セキュリティ更新を受けられないと、新しい手口の詐欺にも引っかかってしまうことがあります。2020年、フィッシング詐欺被害やビジネスメール詐欺は昨年からIPA調査の情報セキュリティ10大脅威ランキングの上位を占めています。
フィッシング詐欺やビジネスメール詐欺は、一見何の不正もなく見えるメールを起点に行われる攻撃です。メール自体がマルウェア本体というわけでないため、その時点で見破るのは難しいのです。
それでも、セキュリティ更新があれば、そこからアクセス先の不正サイトの検出など既知の手口には対応できることがあります。
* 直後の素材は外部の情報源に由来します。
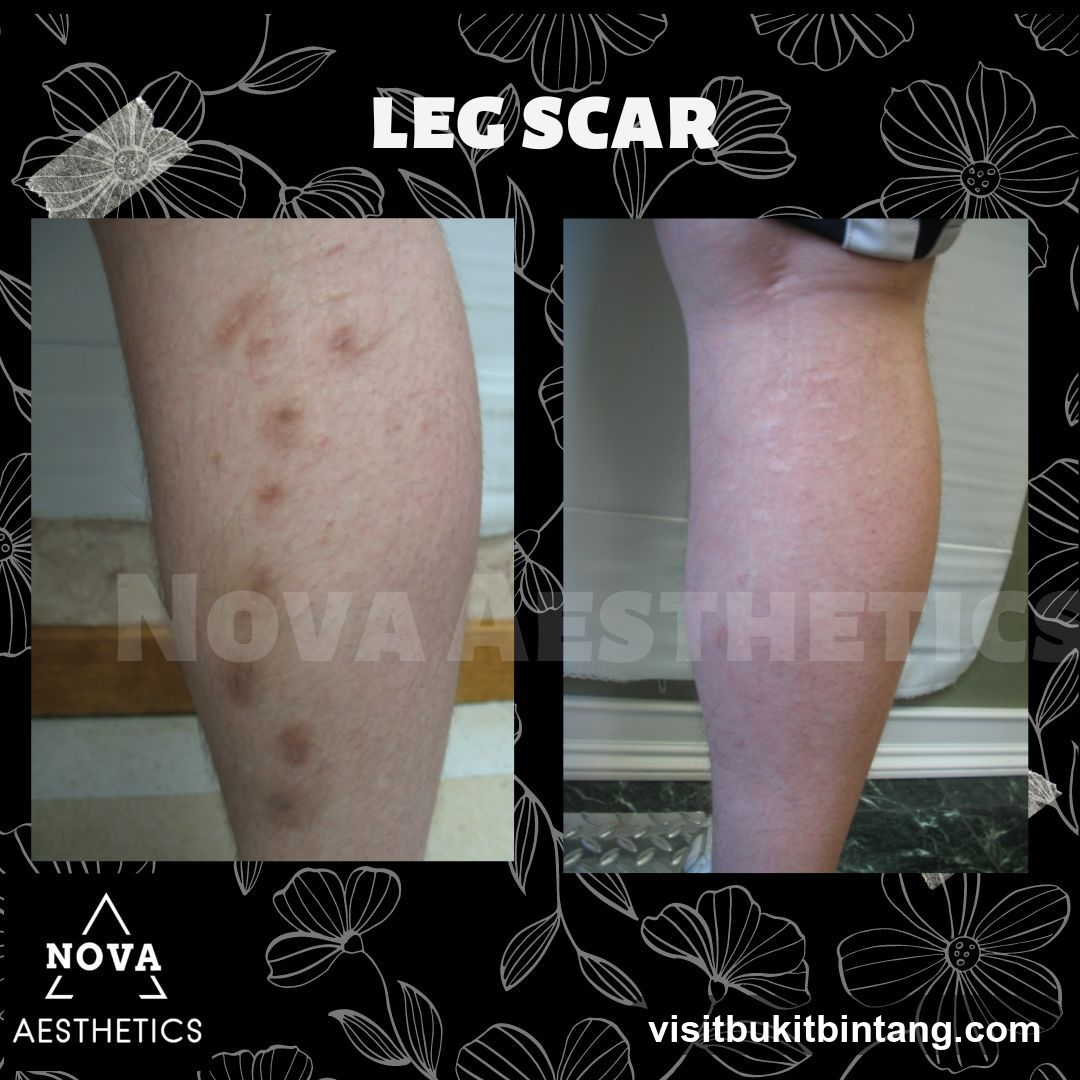 Nova Aesthetics Sunway Giza Kota Damansara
しかしながら、常に最新のアプリケーションを使っているからと言って“被害にあわない”とは言い切れないのが、このフィッシング詐欺やビジネスメール詐欺のつらいところです。

リスク3・・・情報漏えい

もしマルウェアに感染してしまったら、または不正サイトにアクセスしてしまったら、その端末から情報を盗み出されてしまうかもしれません。Officeで扱う情報は、企業の大事な会議資料だったり、個人情報や収支情報だったり、未発表の開発内容だったりとたいていとても重要なものですよね。社外秘と記された大事な情報も、マルウェアに感染してしまえば外部へ漏れ出します。
情報漏えいが起きた場合の経済的コストは、平均で4億円とも言われています。
失うお金と信頼、お客様にも迷惑をかけてしまう……まさに地獄の炎の中に投じられてしまう思いでしょう。

 

サポート期限を迎えるまえにできること

Office 2010から移行しよう

そんな地獄を見ないように、Office 2010ユーザーが今できることは「Officeの移行」だけです。
Office 2010を使うのをやめる≒G suiteに乗り換えるという選択肢もありますが、この短日程でその所業をやり切るのは時間的に不可能と言えるでしょう。
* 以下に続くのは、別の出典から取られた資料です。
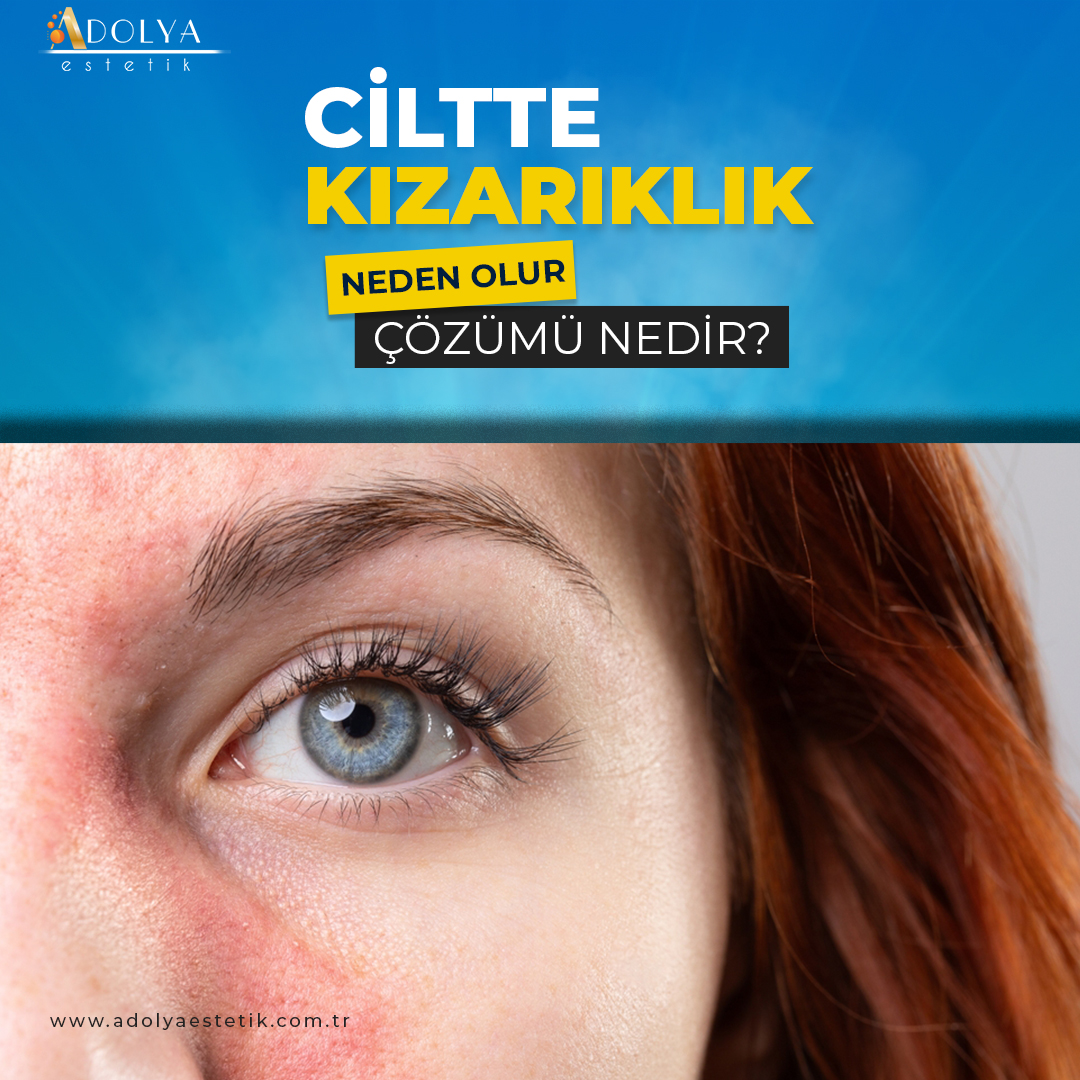 Ciltte Kızarıklık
では、Officeの移行先にはどんな選択肢があるのか、ここでまとめてみましょう。
組織での使い方に合う選択肢を見つけて一刻も早く移行することが大事です。

Office 2019

Office 2019は2020年9月時点で最新バージョンのOfficeソフトウェアです。
この2019であれば、2023年10月までメインストリームサポートが受けられ、延長サポートはさらに2025年10月まで受けることができます。
使い勝手も機能もOffice 2019とほぼ同じですので、そう戸惑うこともないでしょう。

Microsoft 365

Microsoft 365は、クラウドサービスとして使うことのできるOfficeです。以前は「Office 365」という名称でしたが、サービス名が変更され、現在は「Microsoft 365」となりました。(しかしながら、以前からMicrosoft 365と名付けていたサービスもあり、若干の混乱を招いています)

Microsoft 365はサブスクリプション制の契約で月々使用料が発生し、これがそのままサポート契約となります。そのため、契約中はずっとサポートが切れることがありません。また、プランが3段階用意されており、使いたい機能によってプランを選び分けることができます。

 

以下にOffice 2019(買い切り型)とMicrosoft 365(サブスクリプション型)の簡単な比較をしておきます。

 

今の時代に向いているMicrosoft 365

EOSに関する問題でいえば、Microsoft 365は「買う」のではなく「使う」クラウドサービスでありサポート期限という概念がない製品であることは既にお話しした通りです。Office 2010から移行するならば、これを機にMicrosoft 365を選ぶというのもありかもしれません。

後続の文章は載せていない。